|Friday, February 16|
|CS14 Working with Health Care Data||
Fri, Feb 16, 3:45 PM - 5:15 PM
Assessing Correspondence Between Two Data Sources Across Categorical Covariates with Missing Data: Application to Electronic Health Records (303547)
John Heintzman, Oregon Health & Science Univeristy
*Emile Latour, Oregon Health & Science University
Miguel Marino, Oregon Health & Science University
Keywords: Missing data; multiple imputation; chained equations; fully conditional specification; electronic health records; EHR; kappa statistics; agreement.

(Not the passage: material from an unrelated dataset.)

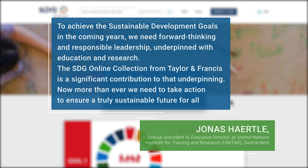Now more than ever, we need to take action to ensure a truly sustainable future for all. Request a free trial now. Thank you.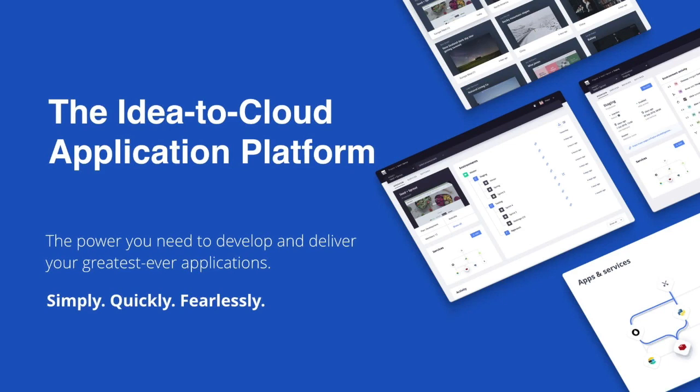Platform.sh is a second-generation Platform-as-a-Service, built especially for continuous deployment. Platform.sh gives you the power you need to develop and deliver your greatest-ever applications.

The application of multiple imputation methods with correspondence statistics (e.g. agreement, kappa) between two data sources is not well documented. We combined these two statistical methods in a novel way to examine their utility in applied healthcare research with electronic health records (EHRs). To motivate this work, we performed a validation study comparing the documentation of adult preventive care services in EHRs against a gold standard of Medicaid claims data across many patient characteristics, specifically focusing on Race and Federal Poverty Level (FPL). Using data from N=13,101 Medicaid-insured adult patients receiving care in 43 Oregon community health centers, we compared documentation for screening services between EHR and Medicaid data sources using kappa statistics, before and after imputing missing patient characteristic data. We used multivariate imputation by chained equations (MICE) to impute missing values due to its flexibility working with large and complex data sets. We successfully provide a practical example and guidance for combining these statistical methods. We conclude that MICE is a beneficial tool in this setting.